● **How to complete this task**:
Working from the data below, write out exactly the lines from its first through the line that contains "面白いレトロなデザインの猫がギターを弾く 星月夜 Tシャツ 高齢者への贈り物", both ends included and pictures omitted.

______

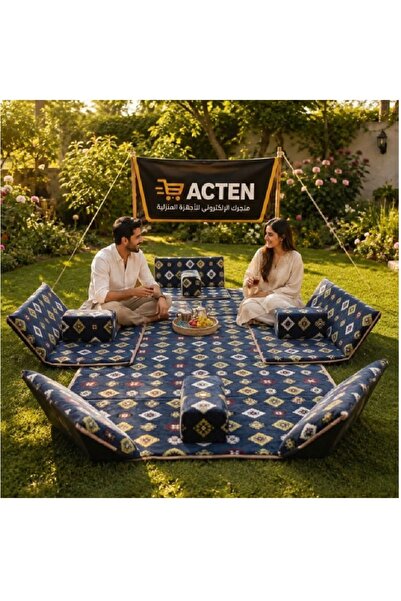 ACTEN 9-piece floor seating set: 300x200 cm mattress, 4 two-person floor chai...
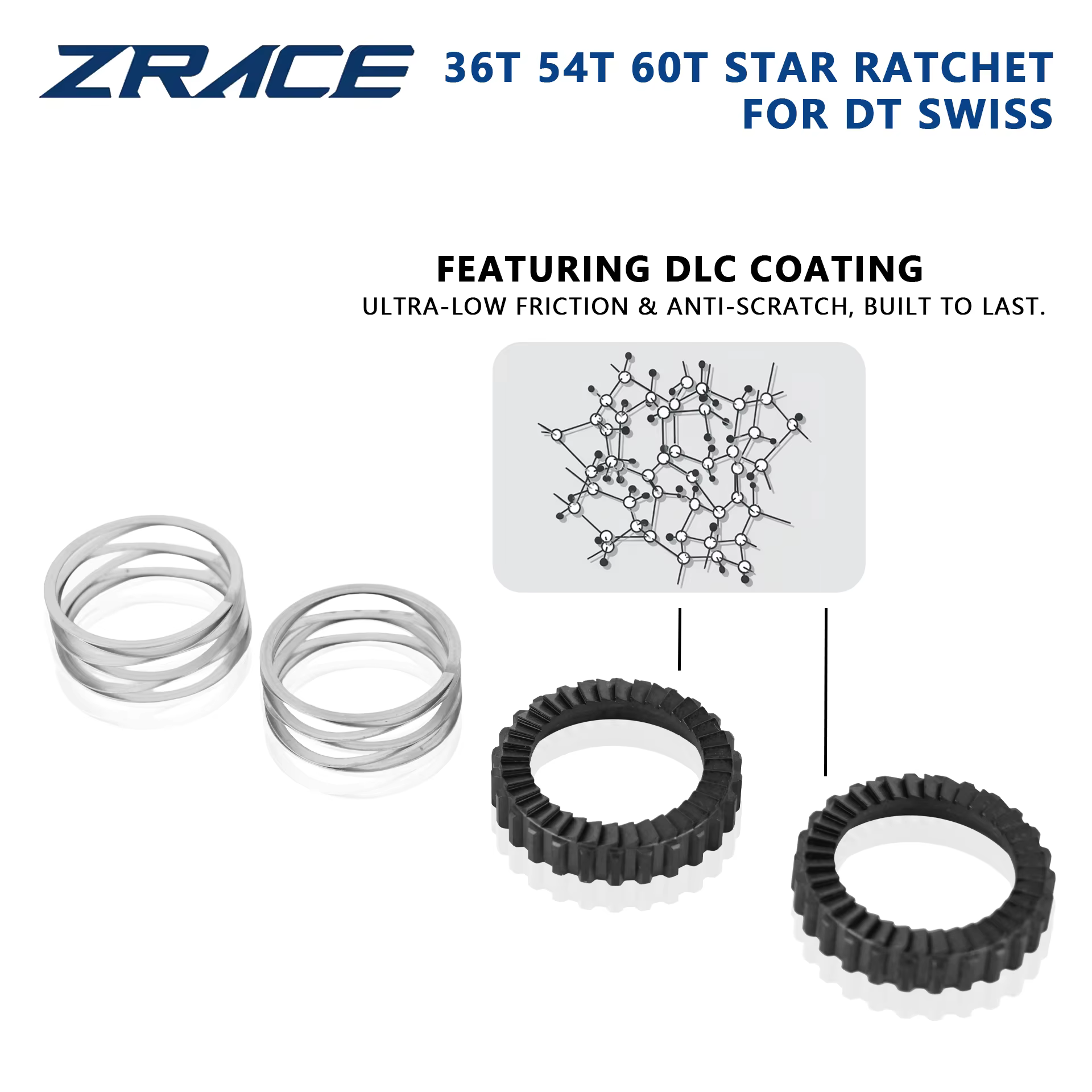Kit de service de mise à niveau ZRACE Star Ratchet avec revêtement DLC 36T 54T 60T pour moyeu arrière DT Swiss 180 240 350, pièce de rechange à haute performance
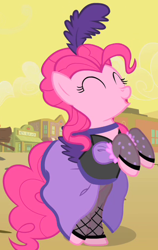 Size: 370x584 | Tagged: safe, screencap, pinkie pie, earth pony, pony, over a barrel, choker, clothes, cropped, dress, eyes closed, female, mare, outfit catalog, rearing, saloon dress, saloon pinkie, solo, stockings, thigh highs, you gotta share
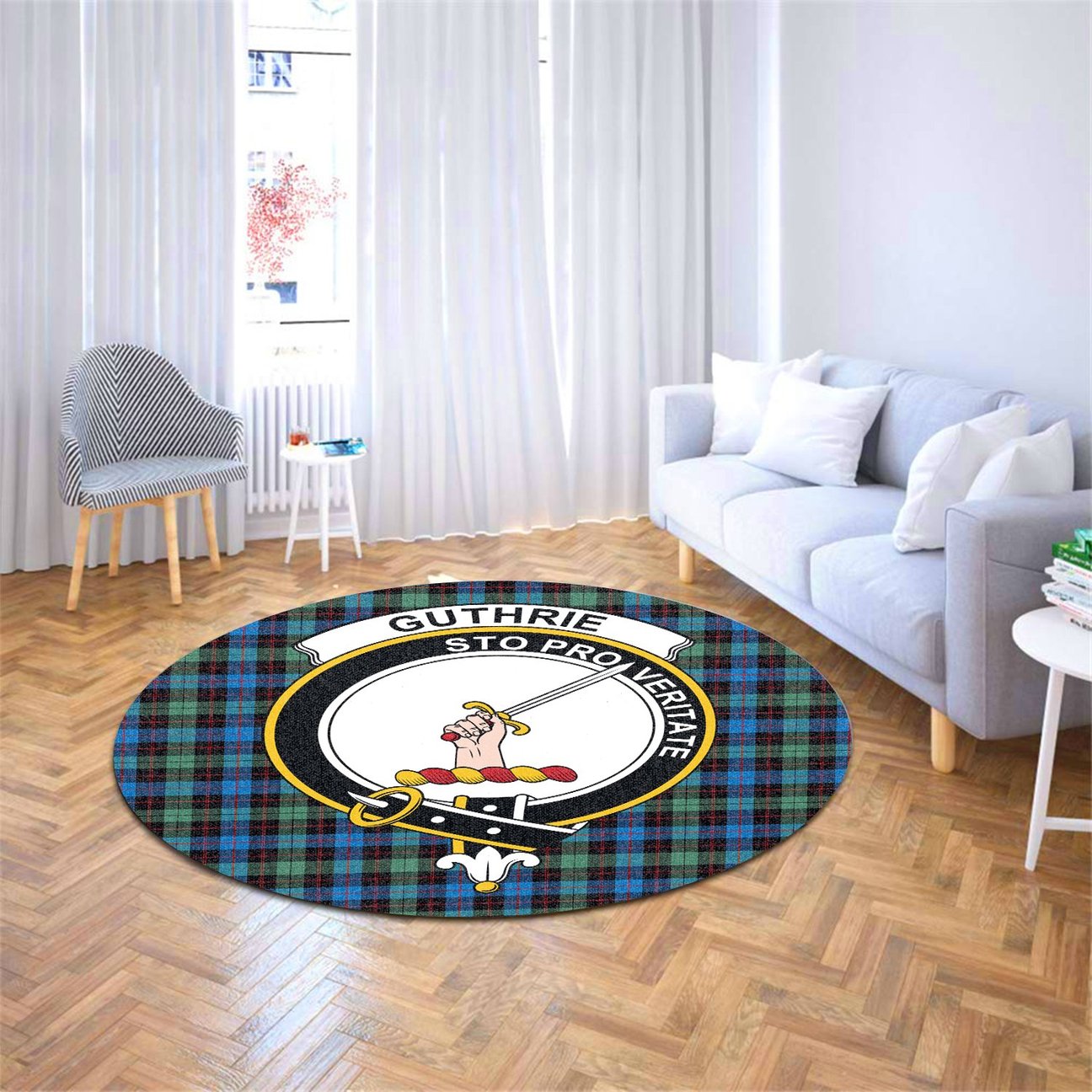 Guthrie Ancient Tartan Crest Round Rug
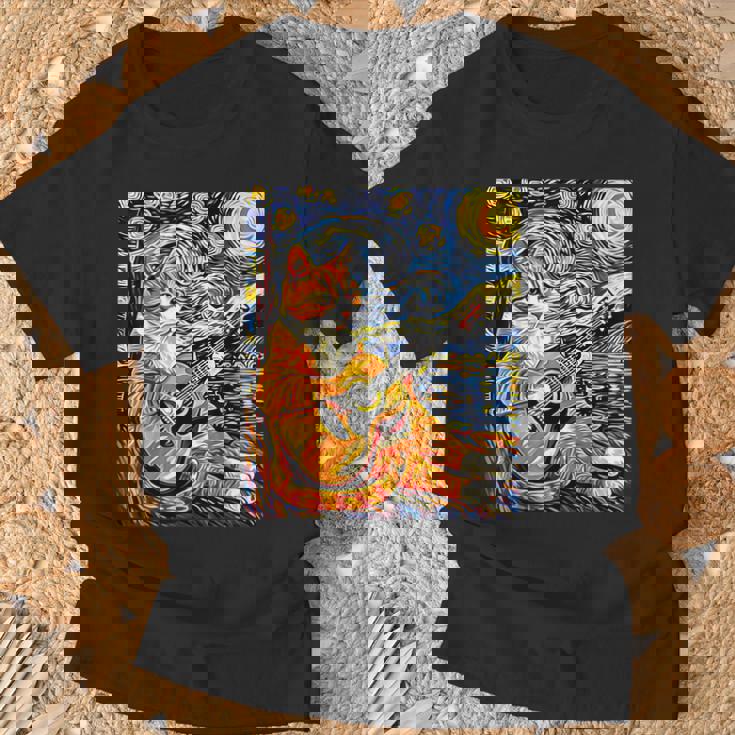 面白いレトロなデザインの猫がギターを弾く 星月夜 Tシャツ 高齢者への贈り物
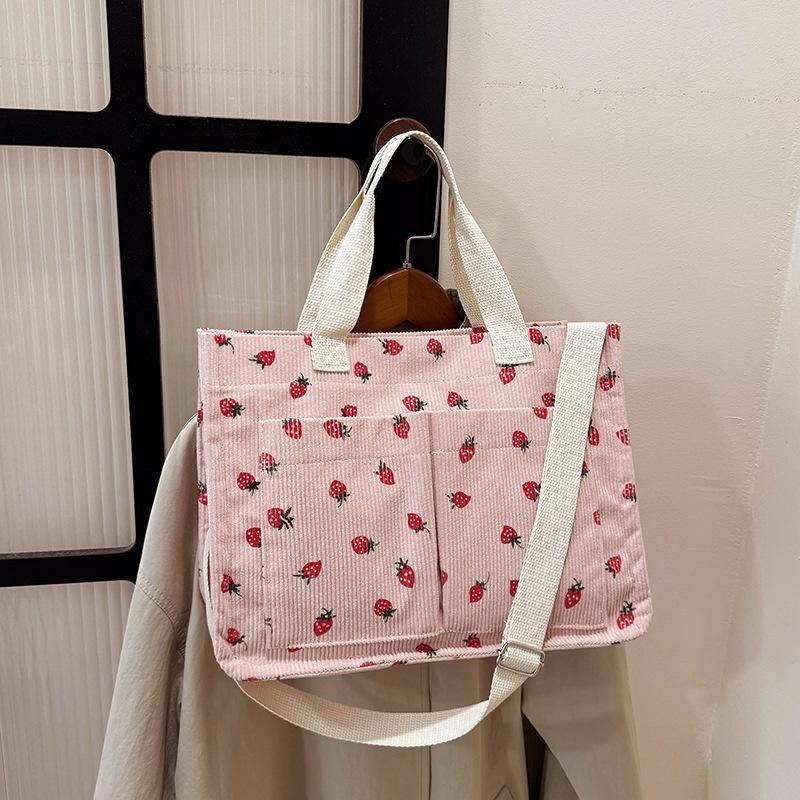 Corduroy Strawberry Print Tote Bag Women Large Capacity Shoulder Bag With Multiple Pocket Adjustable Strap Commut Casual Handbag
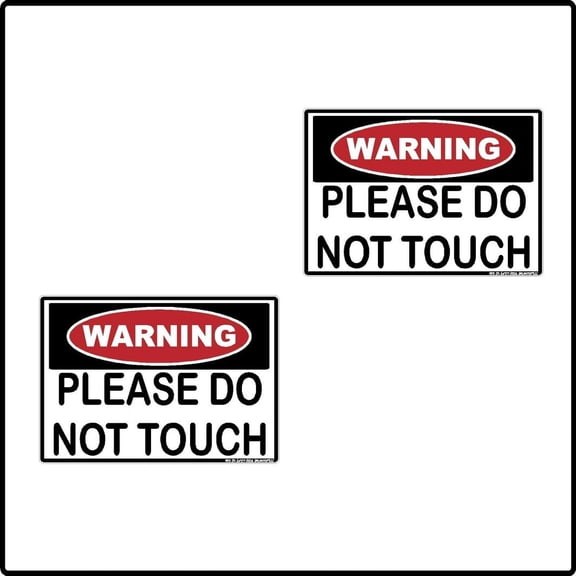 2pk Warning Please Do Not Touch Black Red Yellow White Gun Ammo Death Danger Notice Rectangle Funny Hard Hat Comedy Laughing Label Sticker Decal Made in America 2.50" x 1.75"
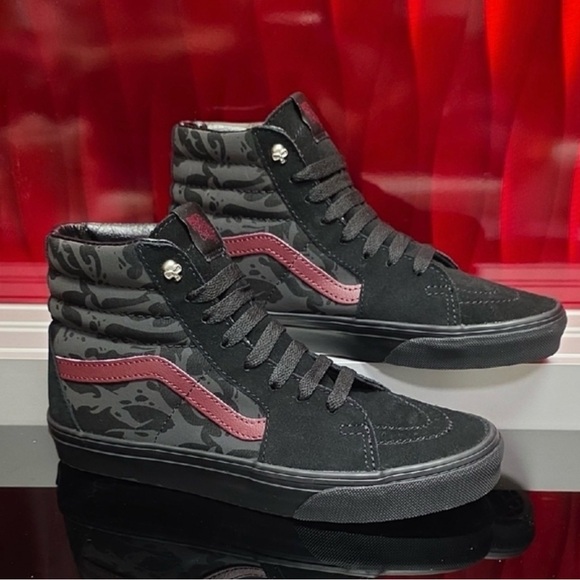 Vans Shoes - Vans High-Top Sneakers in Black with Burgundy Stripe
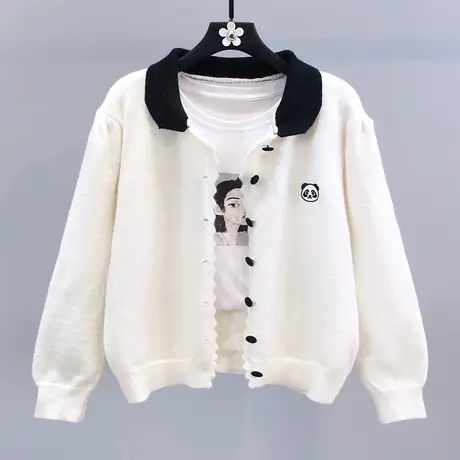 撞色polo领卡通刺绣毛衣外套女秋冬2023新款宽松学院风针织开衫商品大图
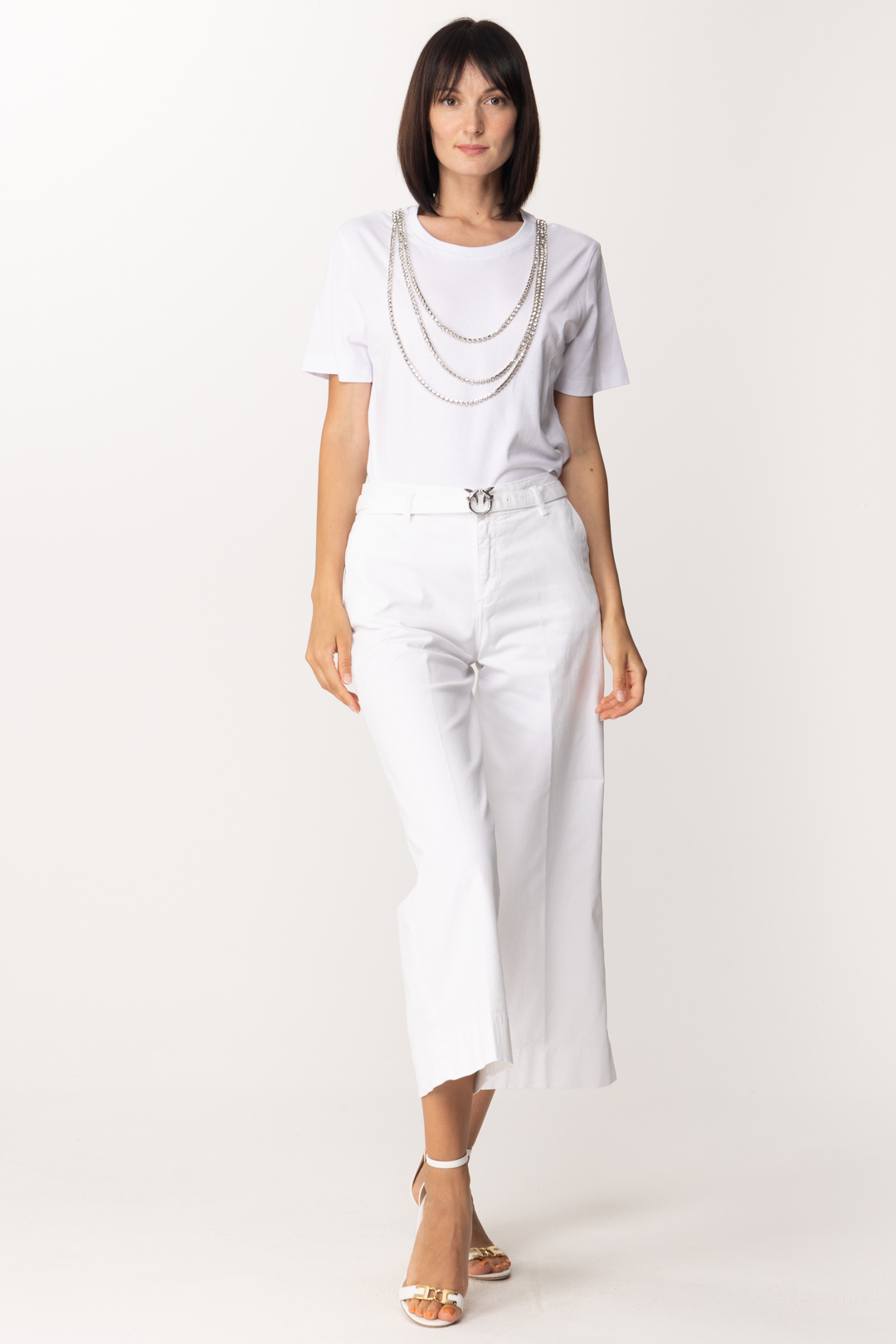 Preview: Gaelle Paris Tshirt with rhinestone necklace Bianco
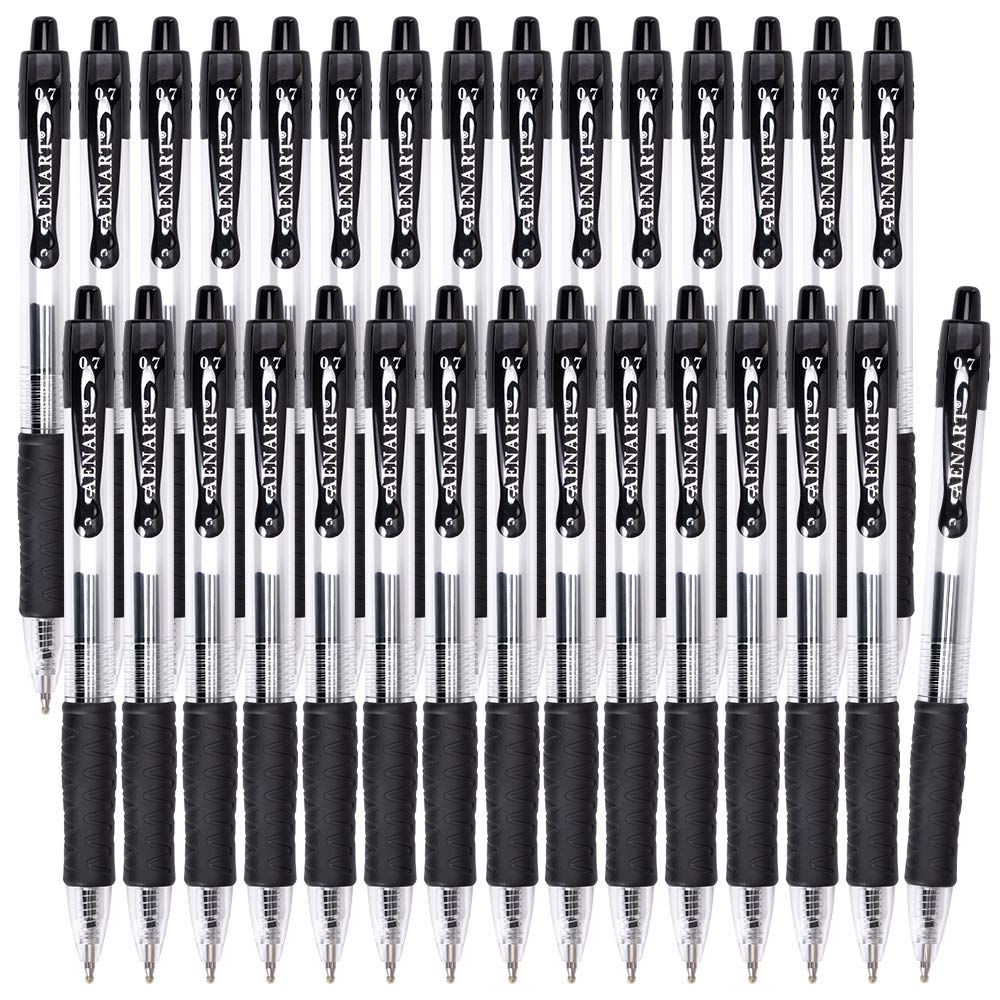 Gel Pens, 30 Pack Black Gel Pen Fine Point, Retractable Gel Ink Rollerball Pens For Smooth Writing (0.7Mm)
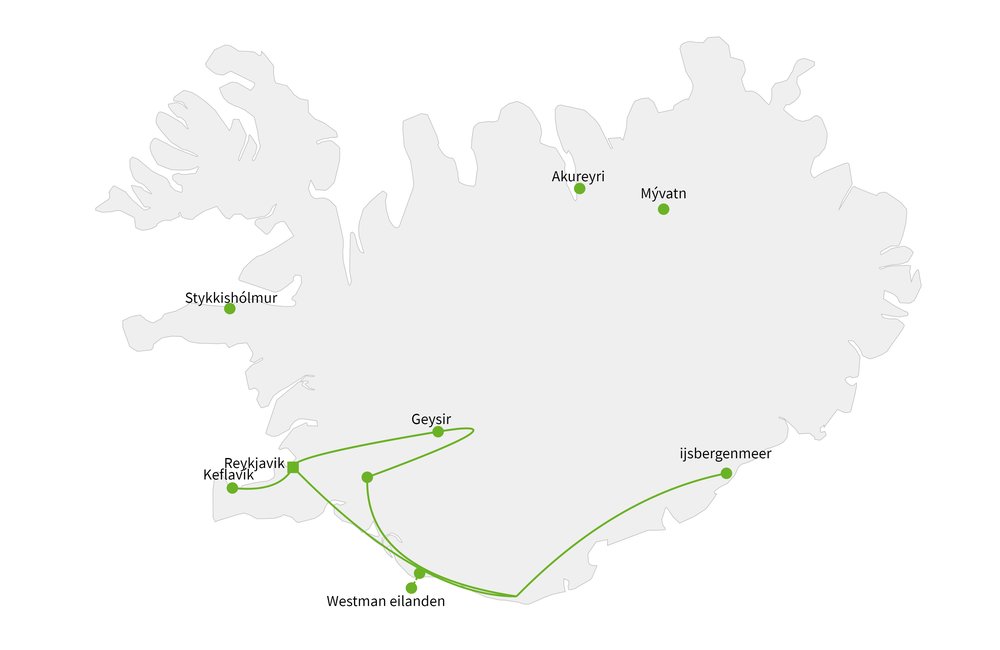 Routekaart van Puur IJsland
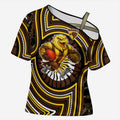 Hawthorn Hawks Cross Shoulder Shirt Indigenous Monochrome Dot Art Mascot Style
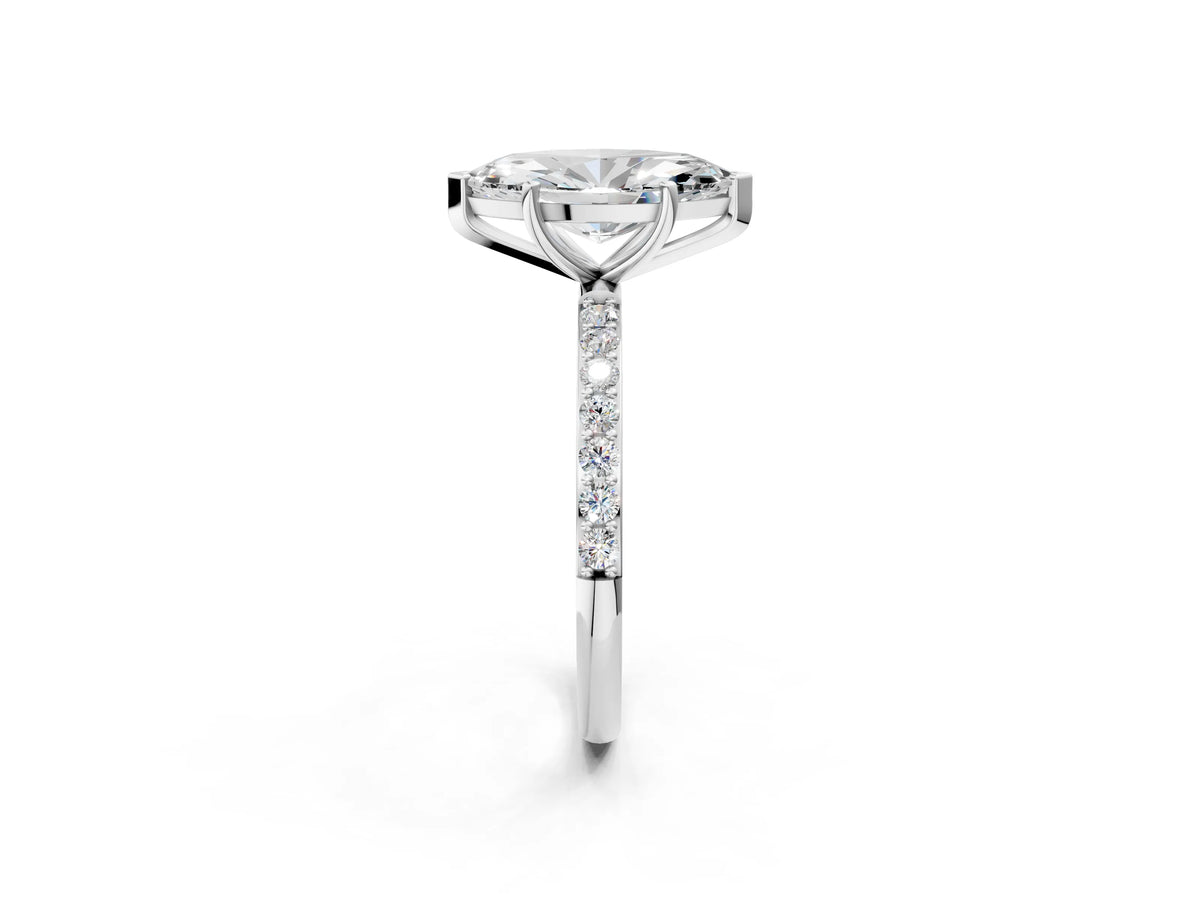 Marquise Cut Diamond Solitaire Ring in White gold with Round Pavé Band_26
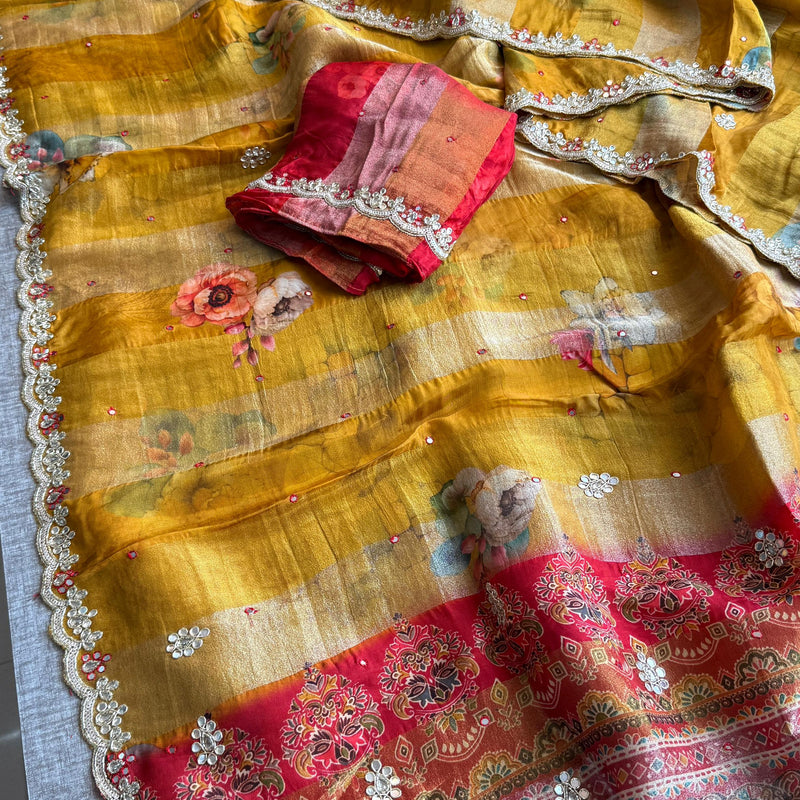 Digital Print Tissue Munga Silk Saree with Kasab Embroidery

______

● **Reply**:
 ACTEN 9-piece floor seating set: 300x200 cm mattress, 4 two-person floor chai...
Kit de service de mise à niveau ZRACE Star Ratchet avec revêtement DLC 36T 54T 60T pour moyeu arrière DT Swiss 180 240 350, pièce de rechange à haute performance
 Size: 370x584 | Tagged: safe, screencap, pinkie pie, earth pony, pony, over a barrel, choker, clothes, cropped, dress, eyes closed, female, mare, outfit catalog, rearing, saloon dress, saloon pinkie, solo, stockings, thigh highs, you gotta share
 Guthrie Ancient Tartan Crest Round Rug
 面白いレトロなデザインの猫がギターを弾く 星月夜 Tシャツ 高齢者への贈り物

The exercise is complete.